Exercise requirements:
Take the entries below and reproduce exactly the portion that begins at the line containing "Navy Checks Relaxed Fit Overshirt" and ends at the line containing "GoldiMec Pack of", keeping both ends, dropping pictures, and adding nothing else.

Data:
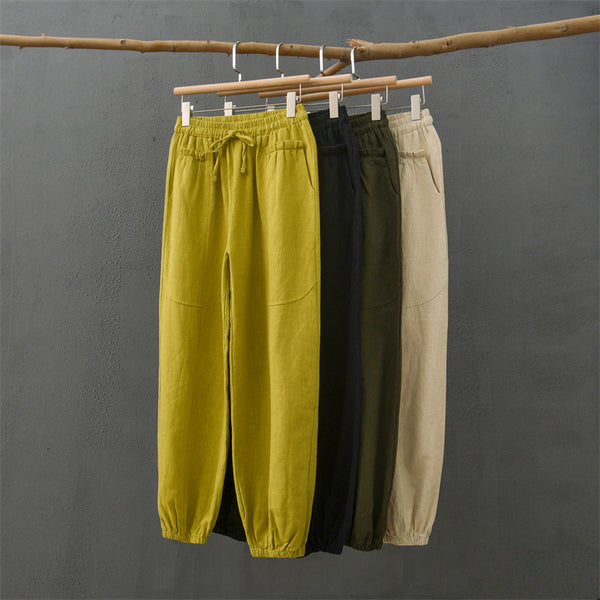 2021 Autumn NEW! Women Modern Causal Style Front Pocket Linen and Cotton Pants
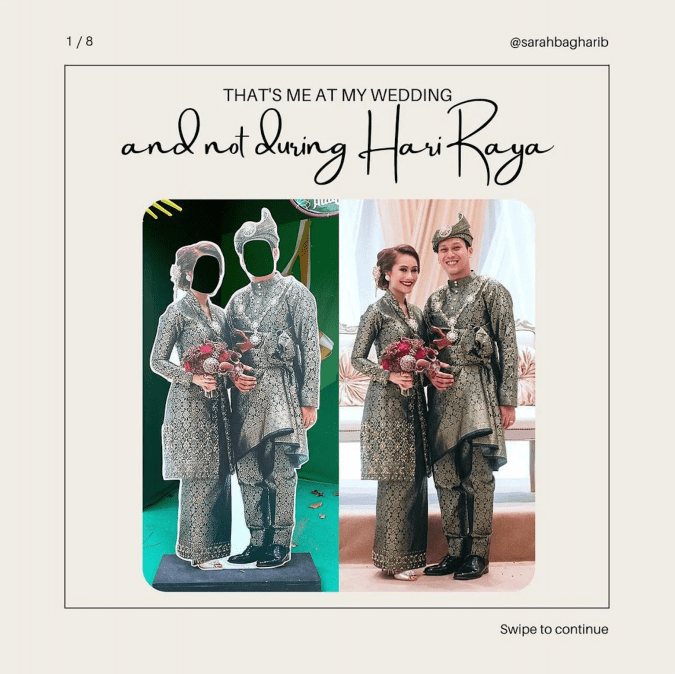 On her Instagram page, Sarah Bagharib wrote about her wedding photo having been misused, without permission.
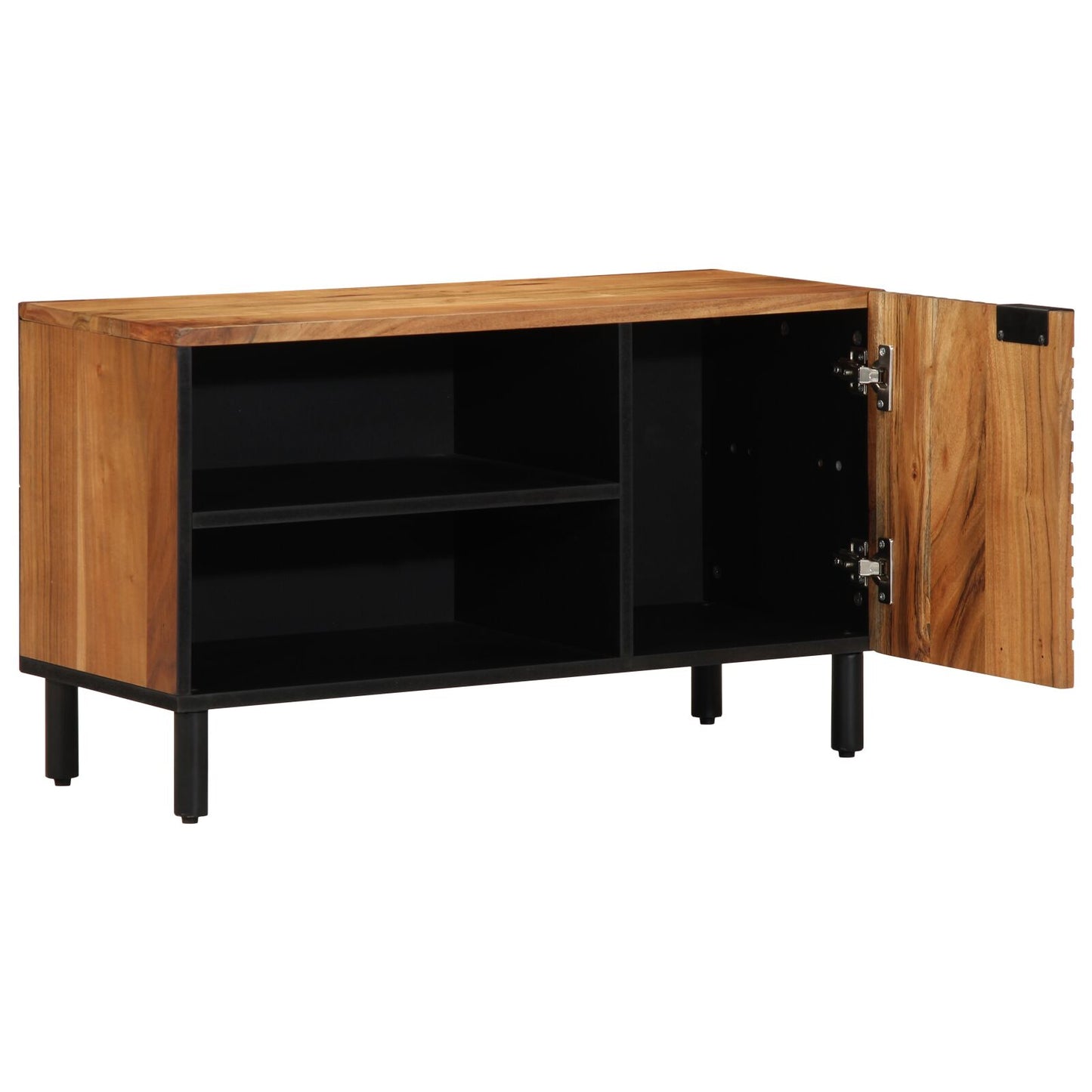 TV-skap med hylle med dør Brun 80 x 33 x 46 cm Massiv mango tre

==

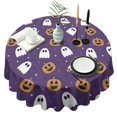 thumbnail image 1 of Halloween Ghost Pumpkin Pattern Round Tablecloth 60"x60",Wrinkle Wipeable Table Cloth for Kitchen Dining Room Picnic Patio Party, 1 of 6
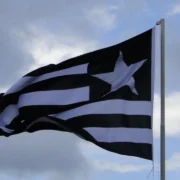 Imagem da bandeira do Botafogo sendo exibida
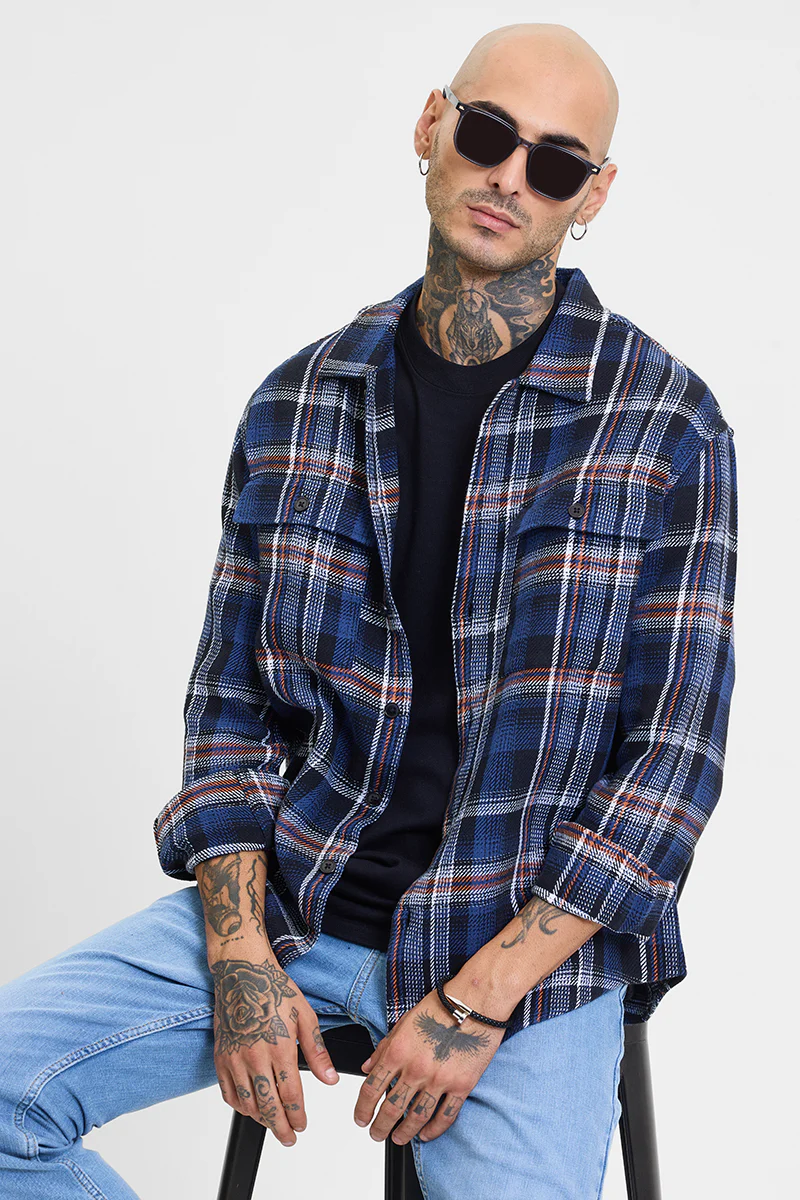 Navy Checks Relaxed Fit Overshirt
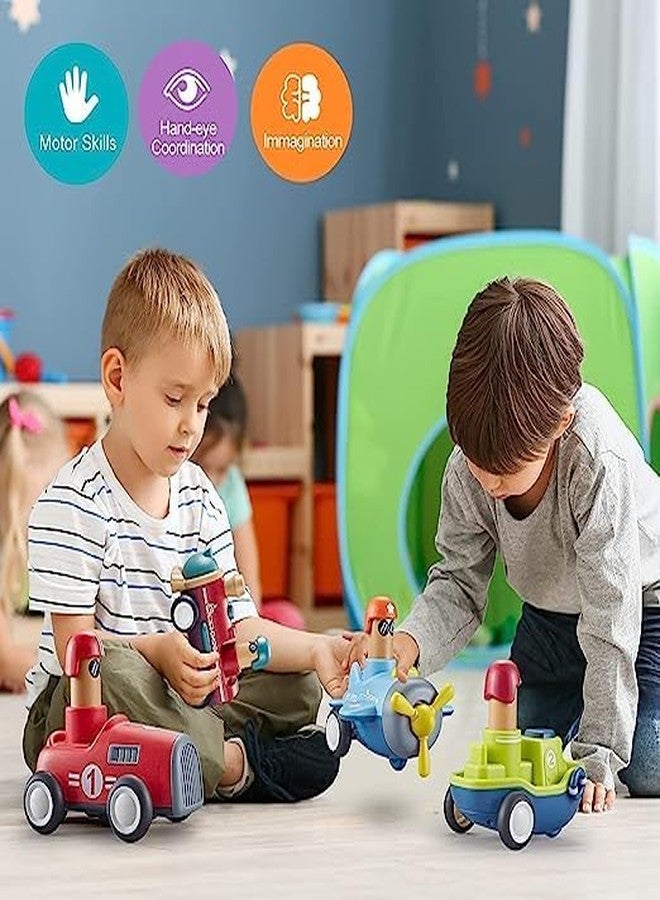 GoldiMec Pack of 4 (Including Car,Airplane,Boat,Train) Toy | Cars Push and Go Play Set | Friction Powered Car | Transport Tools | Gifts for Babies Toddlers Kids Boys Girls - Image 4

Answer to the problem:
 Navy Checks Relaxed Fit Overshirt
 GoldiMec Pack of 4 (Including Car,Airplane,Boat,Train) Toy | Cars Push and Go Play Set | Friction Powered Car | Transport Tools | Gifts for Babies Toddlers Kids Boys Girls - Image 4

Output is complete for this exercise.